:: Supplied material ::

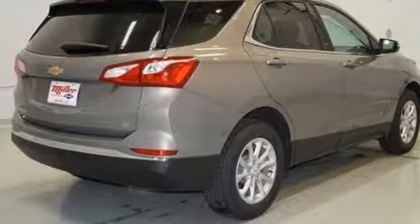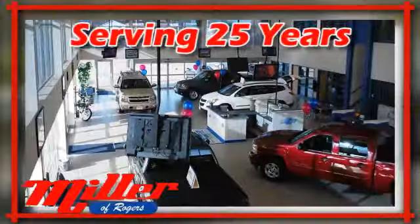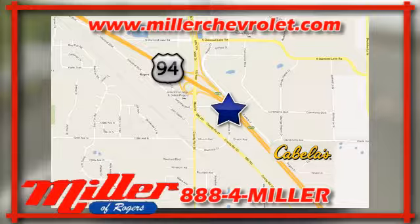Hurry in today and see it for yourself. Millen Chevrolet has been serving our community for over 25 years. We are conveniently located at 21150 John Mill S Drive in Rogers, Minnesota.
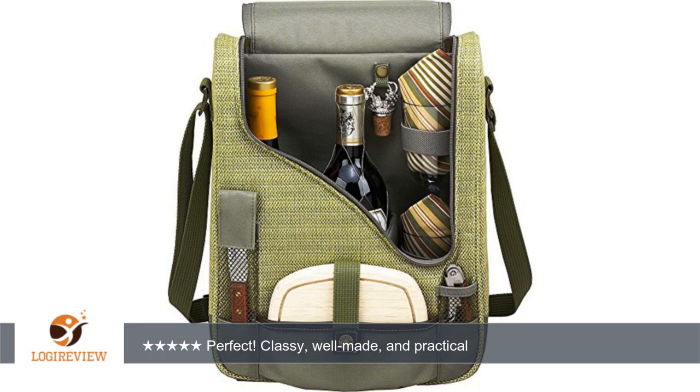The two acrylic wine glasses, more flutes and red wine style, fit one on top of another, and each has a blue and white napkin. The small wooden cheese board is perfect for cheese or fruit, or even using as a wine coaster.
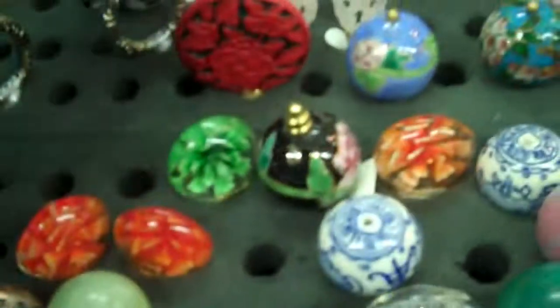You've got blue, you've got these little quartz glass spheres as well. You've got a little frog here, that's pretty cute.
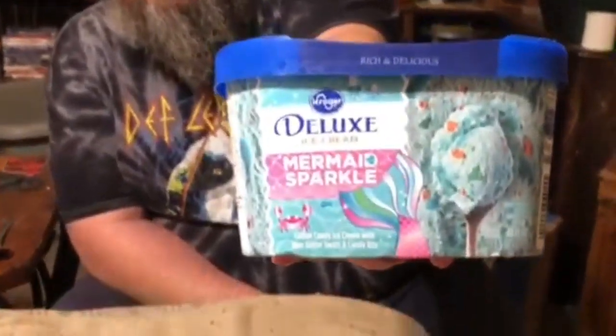I'm scared. Y'all might have to worry about me. We're about to try some Kroger Deluxe Mermaid Sparkle Ice Cream.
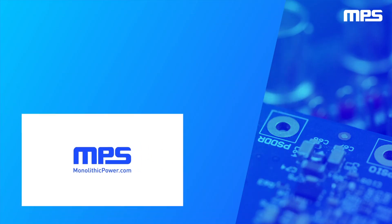To learn more, visit monolithicpower.com. Like this video and subscribe to our channel to get the latest on our innovative new products.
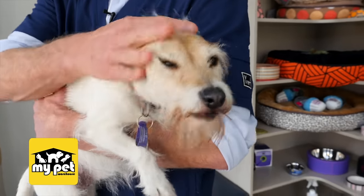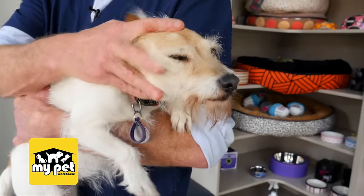Puppies are a different matter. They're always having worm problems and they need to be wormed every two weeks until about 12 to 16 weeks of age. Then you can put them on monthly medication like Advocate or some of the other ones like Sentinel. They will routinely do worms.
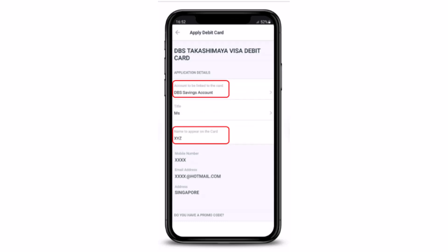After you're done selecting, you'll have to select the account to be linked to the card. Then you'll have to enter the name to appear on the card. In case you have a promo code, you can enter that as well, and if you don't have one, simply leave it blank.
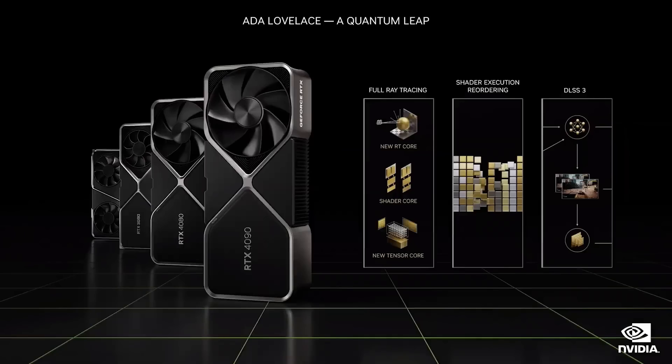The Ada Lovelace generation advances all three RTX processors, the engines of neural rendering. Ada is a quantum leap for gamers and paves the way for creators of fully simulated worlds.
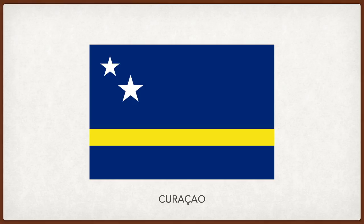Curacao. The upper blue stripe represents the sky, the lower blue stripe represents loyalty and the sea. The yellow stripe between the two represents the bright sunshine on the island and the happy nature of the people. The two white stars represent peace and happiness, the essential goals of the people of the island, and the five points on the star represent the five continents from which people have immigrated to Curacao.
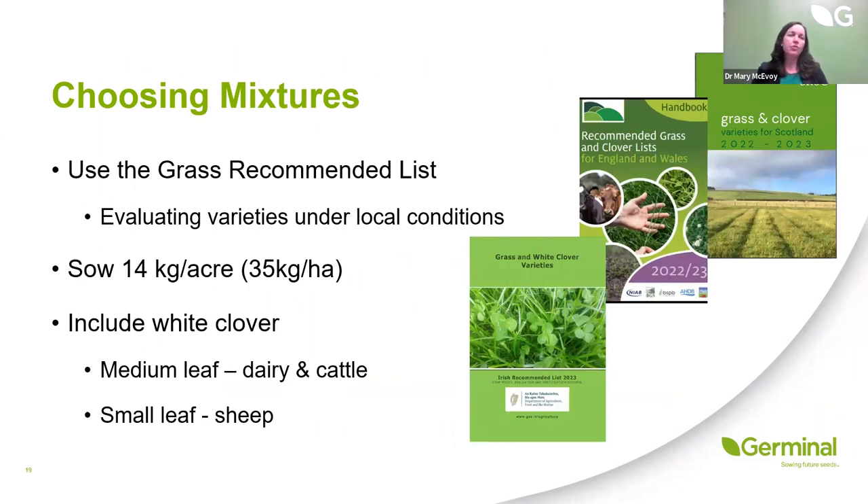Before finishing, I want to emphasise the importance of using the grass recommended list when reseeding this year. There's an Irish Grass and White Clover Recommended List, one for England and Wales, and a Scottish Recommended List. All varieties are evaluated under local conditions, so we know they'll perform when sown locally. Reseeding isn't going to be cheap — probably looking at 750 to 800 euro per hectare. With grasses needing to last eight to ten years on farm, it's really important we put out the best available varieties. The ideal sowing rate is 14 kilos of grass per acre or 35 kilos per hectare.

:::

▶ **Exercise**
All lines from the start of the entries above through the line containing "Curacao. The upper" are to be given again exactly; the pictures are not.

▶ **Result of this task**
Hurry in today and see it for yourself. Millen Chevrolet has been serving our community for over 25 years. We are conveniently located at 21150 John Mill S Drive in Rogers, Minnesota.
The two acrylic wine glasses, more flutes and red wine style, fit one on top of another, and each has a blue and white napkin. The small wooden cheese board is perfect for cheese or fruit, or even using as a wine coaster.
You've got blue, you've got these little quartz glass spheres as well. You've got a little frog here, that's pretty cute.
I'm scared. Y'all might have to worry about me. We're about to try some Kroger Deluxe Mermaid Sparkle Ice Cream.
To learn more, visit monolithicpower.com. Like this video and subscribe to our channel to get the latest on our innovative new products.
Puppies are a different matter. They're always having worm problems and they need to be wormed every two weeks until about 12 to 16 weeks of age. Then you can put them on monthly medication like Advocate or some of the other ones like Sentinel. They will routinely do worms.
After you're done selecting, you'll have to select the account to be linked to the card. Then you'll have to enter the name to appear on the card. In case you have a promo code, you can enter that as well, and if you don't have one, simply leave it blank.
The Ada Lovelace generation advances all three RTX processors, the engines of neural rendering. Ada is a quantum leap for gamers and paves the way for creators of fully simulated worlds.
Curacao. The upper blue stripe represents the sky, the lower blue stripe represents loyalty and the sea. The yellow stripe between the two represents the bright sunshine on the island and the happy nature of the people. The two white stars represent peace and happiness, the essential goals of the people of the island, and the five points on the star represent the five continents from which people have immigrated to Curacao.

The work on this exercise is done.